Ocado has added sophisticated fraud detection and prediction to its analytics offering. The new system uses an advanced machine learning algorithm, developed using TensorFlow, powered by Google Cloud. 

Part of the Ocado Smart Platform (OSP), which the retailer licenses to grocers including Morrisons and Groupe Casino, the fraud detection technology will allow OSP users to rapidly detect fraudulent patterns through an intelligent machine learning model, which will learn and adapt to trends to better spot and block incidents at a faster pace.

Speaking to Essential Retail, James Donkin, general manager for the Ocado Smart Platform, said this technology uses machine learning to better identify fraudulent transactions.

“As a general rule we look for transactions where no one paid us for goods,” he said. “One advantage with machine learning is that it can start to pick up patterns than we spot manually.”

He explained that with hundreds of thousands of orders made every week, there was a need for something more scalable for businesses than what a human could identify. For example if someone was buying large amounts of products with a resale value, such as razorblades, alcohol, perfume or even baby formula, this pattern would be detected and highlighted as a potentially risky order.

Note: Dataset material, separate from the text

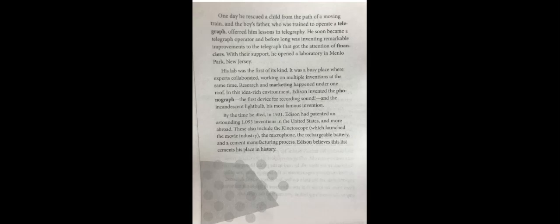In this idea-rich environment, Edison invented the phonograph, the first device for recording sound, and the incandescent light bulb, his most famous invention. By the time he died in 1931,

Ocado said the motivation behind using machine learning for fraud detection was twofold: speed and adaptability. As fraudsters change their tactics, machines can learn new patterns and adapt far quicker, reducing the burden on the human analyst who only have to perform a final check to confirm whether they should cancel the order or not based on the prediction made by the model.

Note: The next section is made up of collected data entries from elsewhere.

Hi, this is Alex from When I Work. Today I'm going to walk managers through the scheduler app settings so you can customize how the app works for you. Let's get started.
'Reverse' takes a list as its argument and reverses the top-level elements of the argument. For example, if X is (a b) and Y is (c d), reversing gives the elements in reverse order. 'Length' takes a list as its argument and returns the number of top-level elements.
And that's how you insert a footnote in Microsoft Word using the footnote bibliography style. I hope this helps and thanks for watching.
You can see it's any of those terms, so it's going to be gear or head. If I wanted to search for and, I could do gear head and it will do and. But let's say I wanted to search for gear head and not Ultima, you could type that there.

The company said: “The model has been a great success, improving Ocado’s precision of detecting fraud by a factor of 15. However, we are keen to continue improving. We are now tackling our next challenges: investigating algorithms that could allow us to explain our predictions in more detail, assessing whether we can transfer learnings from one retailer to another, and considering what tools could help us to streamline our process.”